Warren’s “Uncollected Poems 1922-1943”

Although at times I was tempted to skip through the opening section of The Collected Poems of Robert Penn Warren, sticking to my belief that you ultimately gain the best understanding of a poet by reading all of his works chronologically, I finally got through the section entitled “Uncollected Poems 1922-1943.”

Considering that Warren would have only been 17 in 1922, but 38 by ’43 it’s difficult to judge what one has a right to expect from these poems. I certainly wouldn’t expect the same quality of poems from a high school senior that you would expect from a college professor.

That said, in stark contrast to Warren’s later poems, there weren’t too many that I found particularly compelling. Far too many of them sounded like

THE ROMANCE MACABRE

Even tonight, I think, if you would ask,
I could remember what it was you said
When first you pierced beneath my spangled mask
To find the caverned eyes of one long dead.

Even tonight, when once again a spring
Storms gallantly the wintry bastion,
We might rehearse this tale; it will not bring
Tears to the sockets of a skeleton.

Forgive me, Madam, this metaphor macabre,
One scarce incarnate of those glories fled;
For ghost and ghost commune till dawn together,
Haunted by anguish of the lustful dead.

Now, I don’t know about you, but long ago when I was 17, or even 38, and was confronted by a lover I wasn’t thinking about death, no matter how blustery the weather outside, though I might not have been above quoting Marvel’s “To His Coy Mistress.”

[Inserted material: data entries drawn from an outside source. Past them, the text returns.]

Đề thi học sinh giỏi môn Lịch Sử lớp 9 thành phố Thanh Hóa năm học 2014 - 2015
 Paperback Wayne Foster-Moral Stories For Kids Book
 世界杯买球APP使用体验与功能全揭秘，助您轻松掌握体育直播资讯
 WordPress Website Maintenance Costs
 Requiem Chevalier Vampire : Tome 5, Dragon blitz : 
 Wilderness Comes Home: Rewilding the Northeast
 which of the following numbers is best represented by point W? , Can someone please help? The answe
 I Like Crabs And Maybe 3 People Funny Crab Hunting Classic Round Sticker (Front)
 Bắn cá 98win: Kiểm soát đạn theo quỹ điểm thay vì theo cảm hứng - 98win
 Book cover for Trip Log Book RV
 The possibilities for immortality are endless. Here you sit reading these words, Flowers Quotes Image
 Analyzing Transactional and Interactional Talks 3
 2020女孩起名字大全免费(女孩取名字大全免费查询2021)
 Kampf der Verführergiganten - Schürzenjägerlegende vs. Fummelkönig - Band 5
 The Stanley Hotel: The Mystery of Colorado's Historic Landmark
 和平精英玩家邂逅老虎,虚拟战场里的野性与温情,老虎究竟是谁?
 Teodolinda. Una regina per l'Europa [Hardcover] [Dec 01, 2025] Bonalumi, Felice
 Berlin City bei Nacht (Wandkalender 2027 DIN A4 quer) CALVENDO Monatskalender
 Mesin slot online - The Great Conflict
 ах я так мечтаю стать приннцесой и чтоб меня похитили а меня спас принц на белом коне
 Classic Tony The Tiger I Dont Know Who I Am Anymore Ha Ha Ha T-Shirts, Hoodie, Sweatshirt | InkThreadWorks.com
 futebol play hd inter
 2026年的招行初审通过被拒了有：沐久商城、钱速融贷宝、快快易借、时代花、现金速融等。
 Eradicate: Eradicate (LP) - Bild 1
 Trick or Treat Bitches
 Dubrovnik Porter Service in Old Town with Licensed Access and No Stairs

That said, I am still fond of a simple poem called:

PROPHECY

You see no beauty in the parched parade,
The quivering, heat-glazed highways mile one mile,
The fields where beauty holds a debt unpaid,
The gray, drab barracks in monotonous, grim file.

You take no joy when dust wraiths dimly curl
Above the winding column crawling on far hills.
You see but short beyond the present whirl
Of circumstances, your little wrongs and petty ills.

But when it is all passed and you have lost
The swinging rhythmic cadence of the marching feet,
Then you will reck as paltry small the cost,
And memory will purge the bitter from the sweet.

This simple poem reminds me of my days in the Army and the barracks that I lived in while going through R.O.T.C., later, officer’s training at Fort Knox Kentucky, and even serving at Fort Irwin, California. It was hard to imagine that you could ever look bad fondly at basic training and all the harassment we were enduring, and more than a few “petty ills.” There was, after all, good reason why “Get Smart” was a favorite among trainees, especially the line “Would you believe…”

Thankfully, I’ve long passed the time when I am unable to fully appreciate life’s challenges for what they are, precious moments that I’ll look fondly back on in the future.